This debut feature film from Venezuelan filmmaker Gustavo Ronon Cordova which is not just a mere indictment of the financial consequences of his country’s near economic collapse, but on the dire effects it has on the family.
His two-hander of a story is of a father and son living in near slum conditions in a rough no-go area of Caracas, and it soon becomes apparent that there is little connection between Andres (Giovanni Garcia) and his 12-year-old son Pedro (Reggie Reyes). Andres is away most of the time, working as a laborer by day and a cater waiter at night to scrape together a living which he supplements with any bottles of alcohol he can pilfer from his work to resell. Meanwhile, Pedro whiles away his time with his best friend Jonny and other kids on the streets brawling and getting into mischief.

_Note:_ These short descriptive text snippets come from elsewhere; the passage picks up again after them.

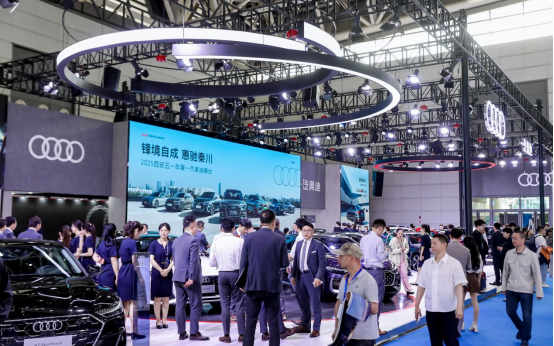 消费提振助商惠民创造未来不止于车2025第十七届西安五一车展盛大启幕(图3)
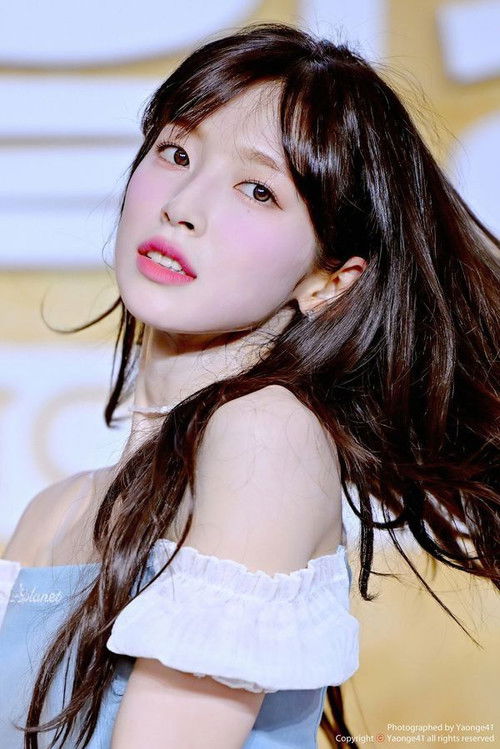 Photo of Choi Ye-won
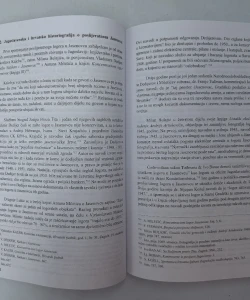 Jasenovac i poslijeratni jasenovački logori - geostrateška točka velikosrpske politike i propagandni pokretač njezina širenja prema Zapadu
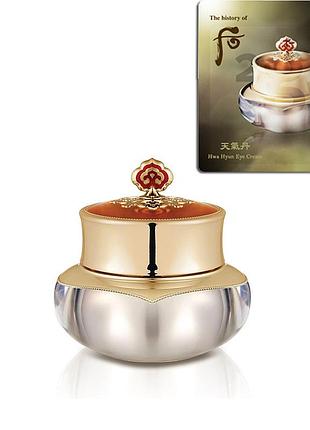 Восстанавливающий крем для век the history of whoo cheongidan radiant regenerating eye cream 1 ml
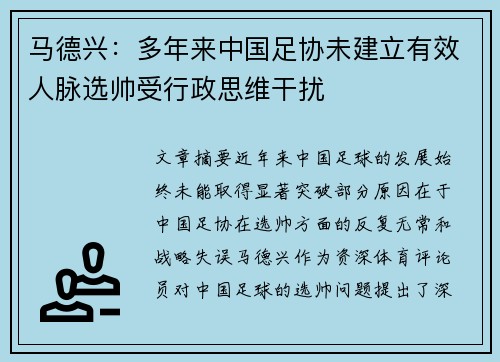马德兴：多年来中国足协未建立有效人脉选帅受行政思维干扰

One day an attempt by another kid to mug Pedro and steal his phone goes horribly wrong and ends up with Pedro stabbing him and leaving to bleed to death on the street. Andre fearing the revenge from the boy’s family, overruling all of Pedro’s vehement objections, insists that they leave their ‘house’ and go into hiding. Being forced to spend time together at close quarters is tough on them both as not only do they actually loathe each other, but they also have very little to even talk about. So much is left unsaid, that we never know what happened to Pedro’s mother, or actually what Andres gets up too when he is not working.
As the two keep on the move seeking safe refuge Pedro does at least for the first time in his life get a sense of how tough life is for his father is as he demeans himself on a daily basis just to earn the pittance he gets. He also thinks he is tougher than his father insisting that they should have stayed at home and stood their ground, but he changes his mind after discovering that the dead boy’s family had come looking for him and had killed his best friend Jonny instead.
This compelling and shocking movie is a telling testament to the current state of Venezuela which has moved past the point of abject poverty and now breeds a climate where lawlessness goes unchecked and street killings almost become a matter of fact. It’s now a society where one poor man cannot find actual food in the local grocery store to spend the pittance of a pay he made waiting on the tables of the rich.
Garcia playing the struggling father who always appeared so overwhelmed by his life was pitch perfect, as was young Reyes playing Pedro having literally being cast off the street for this his very first acting role.
There is a very definite sense of irony calling the film ‘the family’ as the what we witness on the screen resembles nothing like we would ever imagine as a family, but in the culture that now prevails in Venezuela, this may very sadly become a norm for the people who are confined to living in the country’s slums.